Let's consider a current tack trend in depth. For more than two decades, light-colored western tack has been popular, but ponder whether pale tack is always the best look for every horse loping around the show pen:
- Pale tack blends with and flatters sorrel, chestnut, and palomino horses
- Pale tack contrasts sharply with black and dark bay horses
- Pale tack tends to turn pink or pale brown over time
- Pale tack is easily soiled by abrasion, silver cleaner, and sweat
Pale tack provides minimal background contrast to silver accents
This two-tone leather headstall favors the horse's dark bay color and serves as a high contrast backdrop for its silver trim.
Light-colored leather flatters sorrel, chestnut, and palomino horses, but can turn pink or pale brown over time.
So, think twice before you stack a pale pink saddle, dripping with silver, on a dark bay horse.
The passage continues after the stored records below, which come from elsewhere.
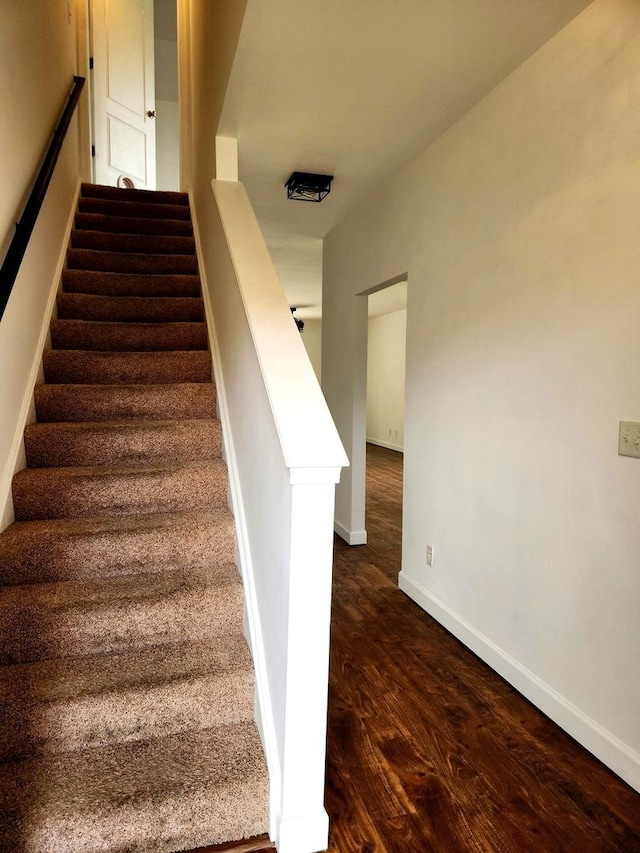 stairs with baseboards and wood finished floors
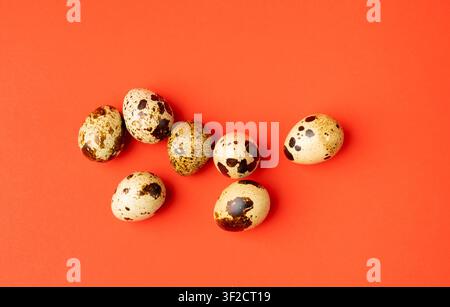 Quail Eggs, Diet Egg Group, Healthy Breakfast, Natural Organic Nutrition, Salad Ingredient Spotted Quail Egg on Red Background Stock Photo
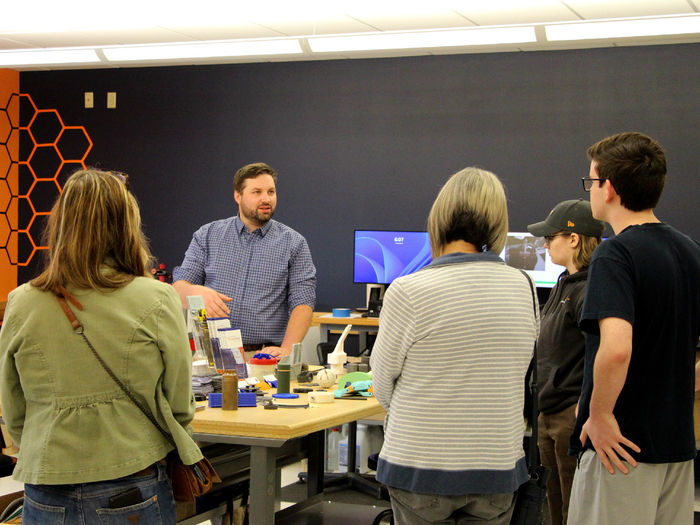 Johnny Williams, engineering technologist at Penn State DuBois and the NCPA LaunchBox, gives a group of attendees at the Industry 4.0 Academy open house a tour of the Idea Lab, one of the many sites used in the academy at Penn State DuBois.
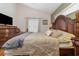 Main bedroom with a king-size bed and hardwood floors at 2368 Monaco Cove Cir, Orlando, FL 32825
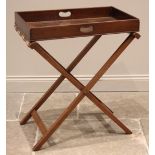 A mahogany butlers tray, 19th century, the rectangular tray with full gallery and kidney shaped hand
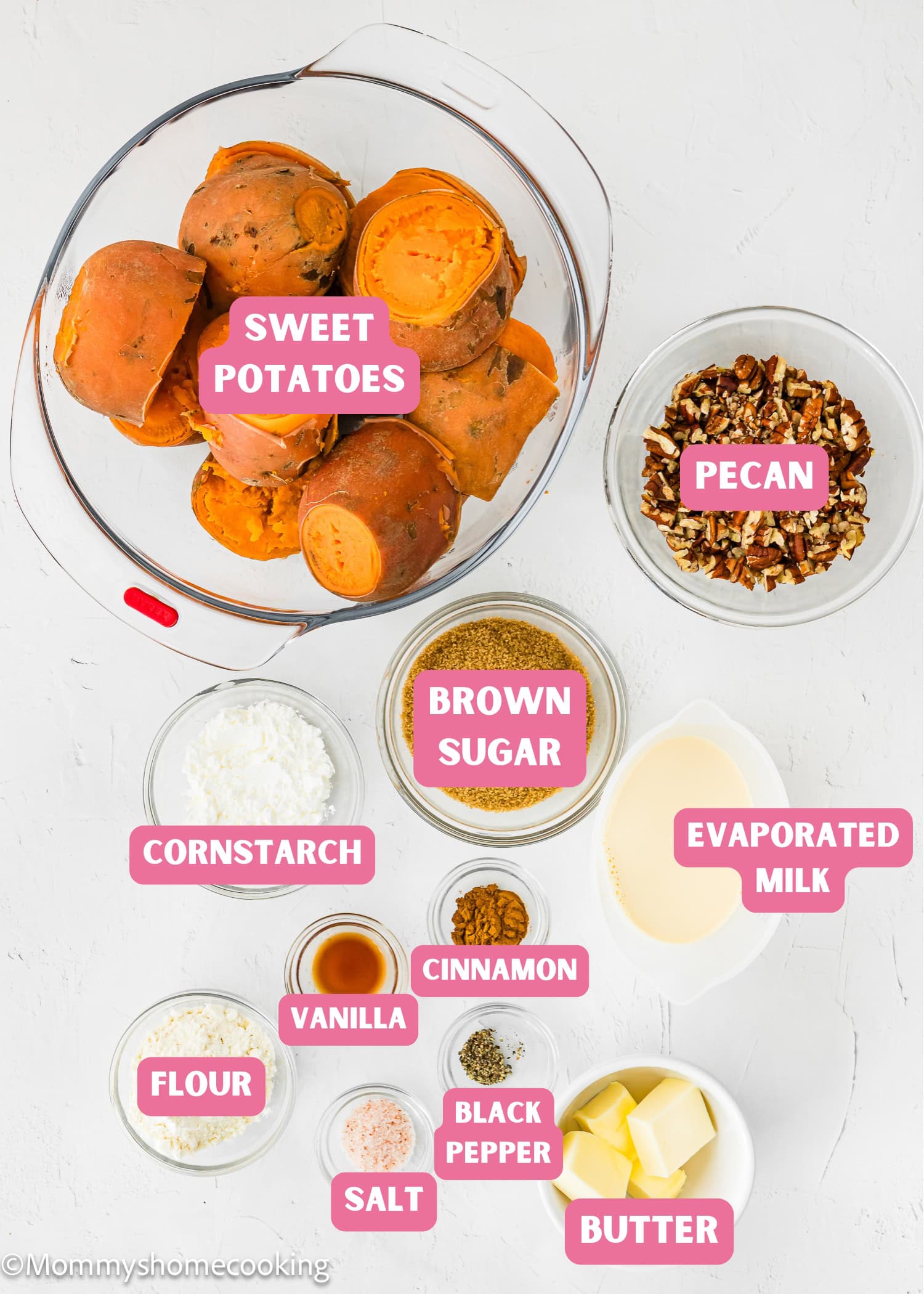 Top-down view of labeled ingredients for Eggless Sweet Potato Casserole, including sweet potatoes, pecans, brown sugar, evaporated milk, cornstarch, flour, vanilla, cinnamon, black pepper, salt, and butter.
Consider getting more bang for your silver buck by using a darker headstall and saddle, with even minimal silver, on that same horse, or look for pale tack with darker leather accents for extra versatility on a variety of horses.
Remember too that all pale leather will eventually darken when exposed to sunlight, but the fashion police will never pull you over if your saddle is a few shades darker than the next rider's...in fact, they just may stop to admire your pretty silver, because they can actually see it!
It's better to search for and find a quality hand-made saddle with terrific leather, sterling overlay silver, and genuine sheepskin padding made on a real rawhide tree that will fit you and many horses in the years ahead, than buy a flashier, cheaper saddle that's all glitz and no guts.
As with show apparel, invest in the very best show tack you can find, even if it means second-hand. Quality saddles and tack hold their value well over time and are usually a better value than bargain tack made from cheaper grades of leather. Look for dense, fine fibers rather than a stringy consistency at the sides of cut leather pieces, flexibility when the leather is bent, and a great feel in your hand in better leather goods, and trust brand names that have been in business for many years.